> [REQUIREMENT]: Starting at the line that contains "https://diamond-beechfield-house.hotelsin-nottingham.com", transcribe each line exactly through the end of the data below, and skip any pictures.

Short descriptive text snippets:
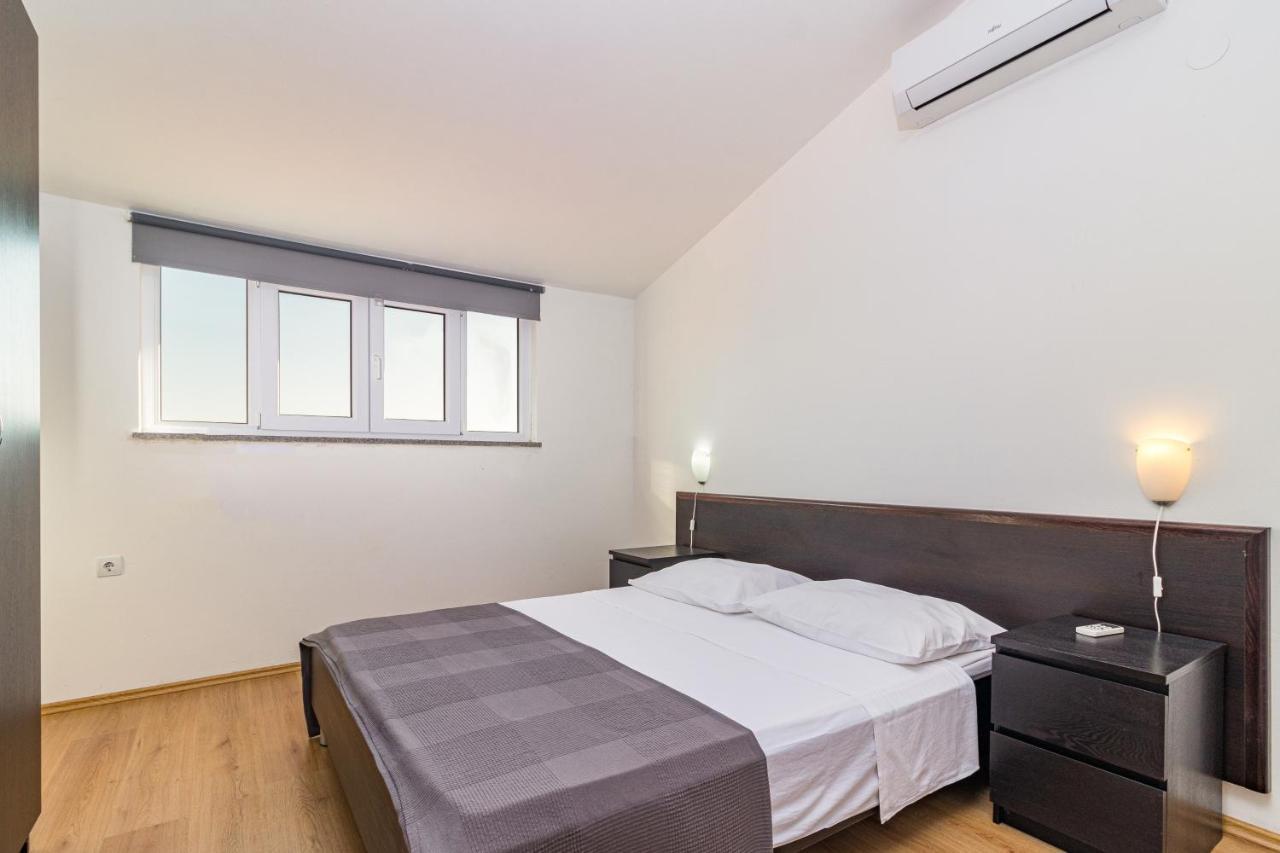 Apartments And Rooms Alenka Banjole Exterior photo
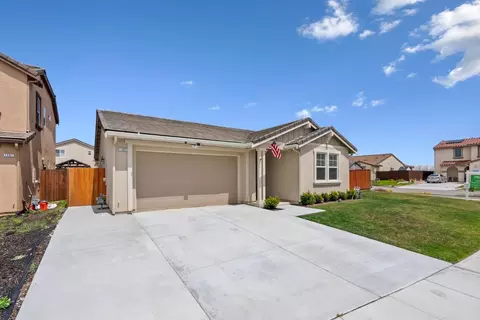 Exterior - 1363 Rossano Way, Salinas, CA 93905 photo 2 of 7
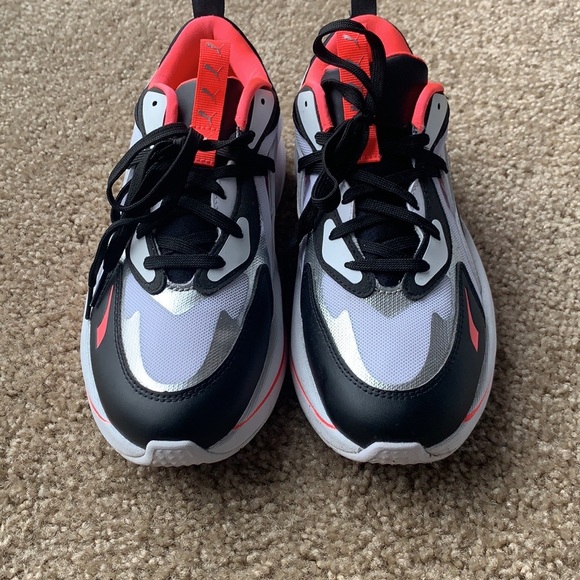 Puma - Picture 3 of 6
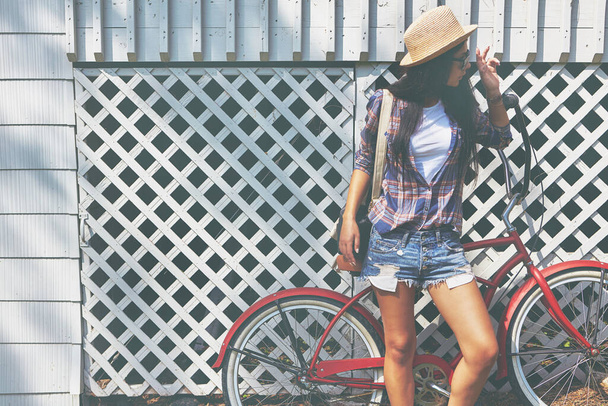 Ее немного свободы. красивая молодая женщина на велосипеде в парке - Фото, изображение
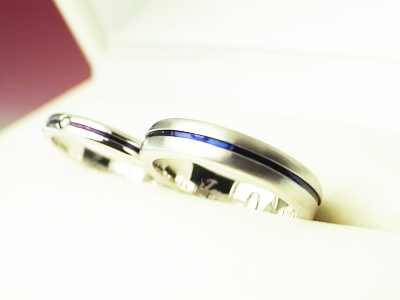 結婚指輪　パープル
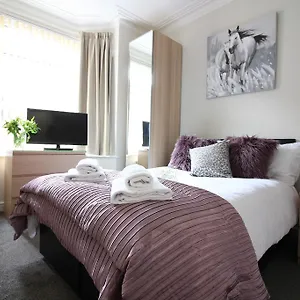 https://diamond-beechfield-house.hotelsin-nottingham.com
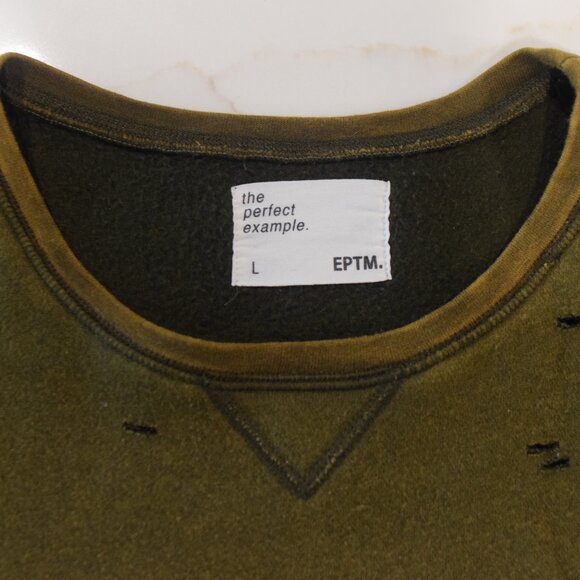 [Size L] EPTM Butcher Crewneck Acid Olive Distressed Plaid Pullover Sweatshirt - Picture 4 of 7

> [TASK RESPONSE]:
 https://diamond-beechfield-house.hotelsin-nottingham.com
 [Size L] EPTM Butcher Crewneck Acid Olive Distressed Plaid Pullover Sweatshirt - Picture 4 of 7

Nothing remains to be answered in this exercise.